_Recorded data_.
=== Begin Enclosure ===

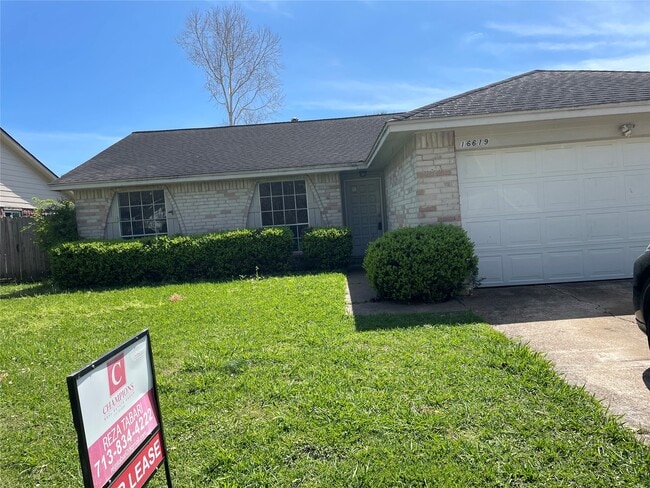 Building Photo - 16619 La Gloria Dr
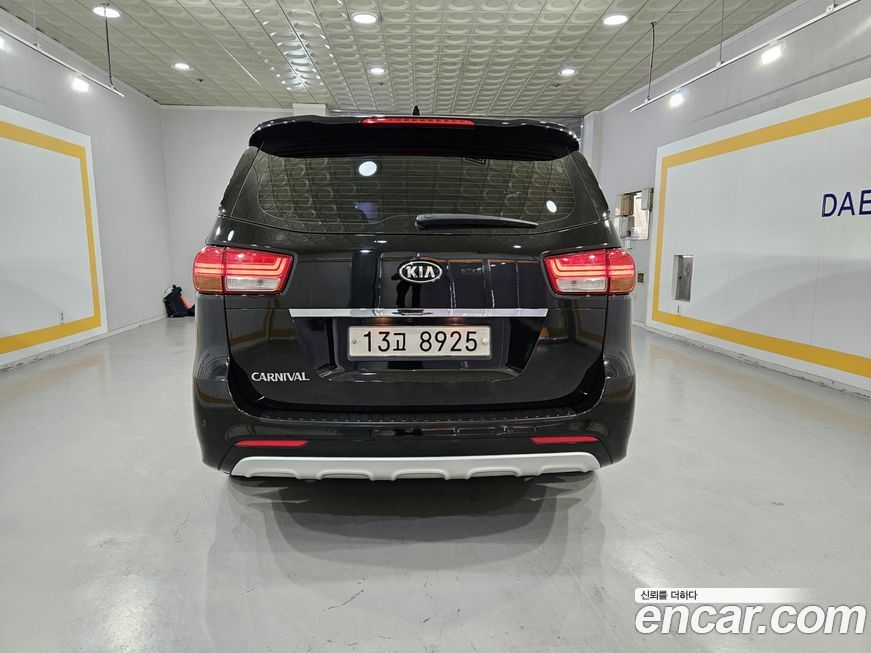Kia Canival 2015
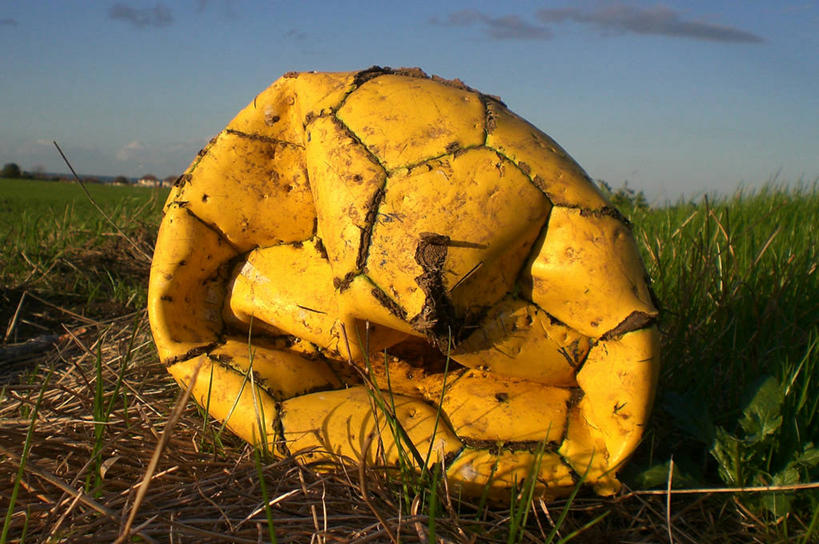 无人,横图,室外,特写,运动,足球,英国,废弃,田地,垃圾,草,一个,黄色,天空,黄昏,摄影,单个,报废,污染,废物,击败,丢弃,放弃,抛弃,空气污染,摈弃,屏弃,摈斥,摒除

=== End Enclosure ===

_Problem details_.
Repeat the material above word for word and skip every image in it.

_Task response_.
 Building Photo - 16619 La Gloria Dr
Kia Canival 2015
 无人,横图,室外,特写,运动,足球,英国,废弃,田地,垃圾,草,一个,黄色,天空,黄昏,摄影,单个,报废,污染,废物,击败,丢弃,放弃,抛弃,空气污染,摈弃,屏弃,摈斥,摒除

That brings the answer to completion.